Highway a sweet mess after 40,000 pounds of liquid chocolate spills from tanker

Though the resulting aroma was sweet, the rollover accident that caused a tanker truck to spill 40,000 pounds of hot, liquid chocolate on an Arizona freeway was anything but. There were no injuries or other vehicles involved in the accident, but the insurance impact is likely significant.

The accident appeared to have been caused by a structural failure as a latch that connects the truck with the trailer became detached, according to the Arizona Department of Public Safety. The Department and others were able to clean up the spilled chocolate quickly, unlike firefighters who had to use shovels, hot water and torches to remove a ton of hardened chocolate from a German roadway last month following a storage tank malfunction at a Westonnen chocolate factory.

Large truck accidents regularly create messes on U.S. and Canadian highways. The past few weeks have seen an overturned truck dump more than 40,000 pounds of frozen chicken tenders on Route 35 in Alabama; a tanker spill 50,000 liters of jet fuel onto a Toronto-area highway; and a tractor-trailer rollover in New York deposit so many cases of canned goods and other household items on I-88 that one lane was closed for 11 hours to clean up spilled cargo and fuel.

During the last two months of 2018 alone, an overturned tanker spilled 1,500 gallons of used cooking oil onto a highway in Pennsylvania; a trailer loaded with Christmas trees overturned on a Michigan roadway; and a Christmas Eve accident caused a FedEx truck to dump packages onto I-95 in Massachusetts.

The U.S. Federal Motor Carrier Safety Administration (FMCSA) 2017 Pocket Guide for Large Truck and Bus Statistics indicates more than 8.4 million single-unit trucks and nearly 2.8 million combination, or trailer-tractors, were involved in accidents in 2015.

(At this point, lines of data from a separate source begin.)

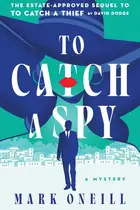 Book cover of To Catch a Spy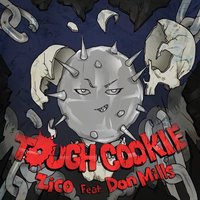 Tough Cookie - Zico, Don Mills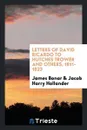 Letters of David Ricardo to Hutches Trower and others, 1811-1823 - James Bonar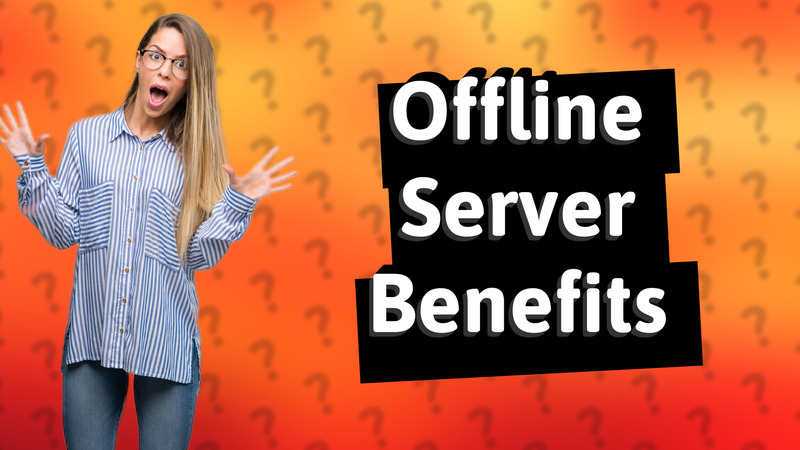 Offline Server Benefits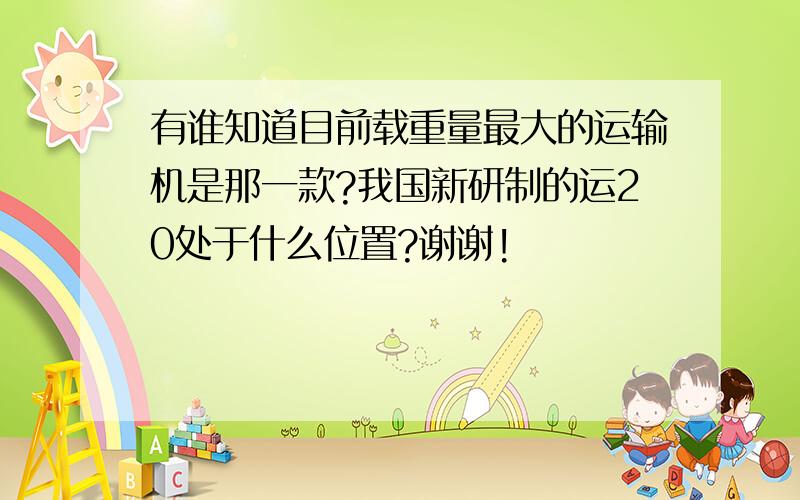 有谁知道目前载重量最大的运输机是那一款?我国新研制的运20处于什么位置?谢谢!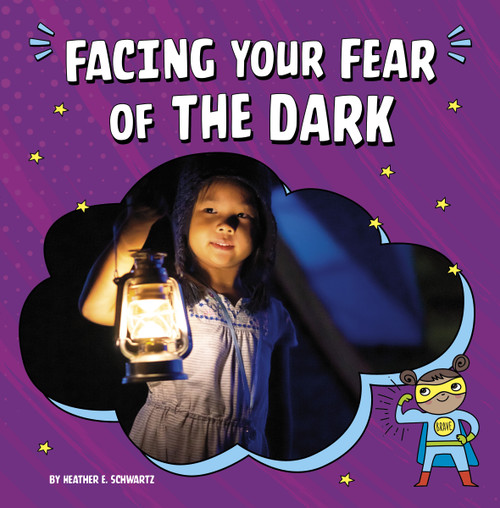 Facing Your Fear of the Dark by Heather E. Schwartz, 9781666355581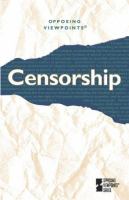 Censorship : opposing viewpoints /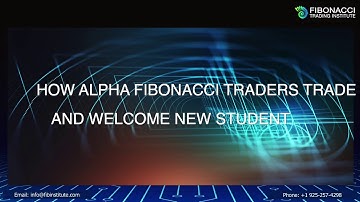 How Alpha Fibonacci Traders Trade and Welcome New Student | Fibonacci Trading Institute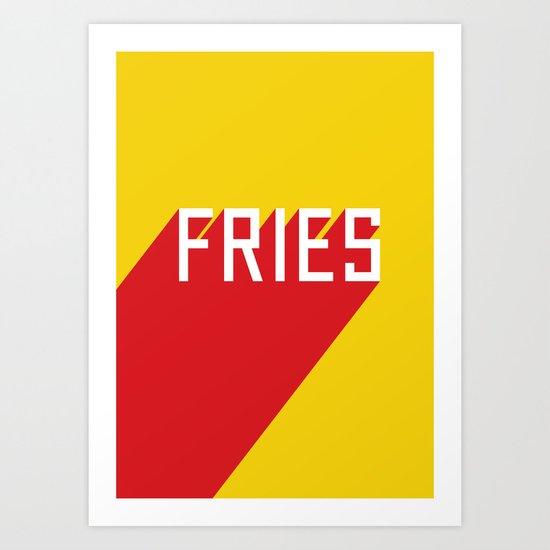 Fries Art Print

Insurance can help cover the costs of incidents like the Arizona chocolate spill, where factors beyond a driver’s control are the cause, said Steve Shepard, Underwriting Manager, Transportation, Burns & Wilcox, Indianapolis, Indiana. However, who pays for the damage and cleanup is not always clear.

“There could be a few lines (of insurance) or multiple lines involved here,” Shepard said. “Even without bodily injuries the costs could be significant. Our goal is always to make sure clients are properly insured while still being able to make money in their business.”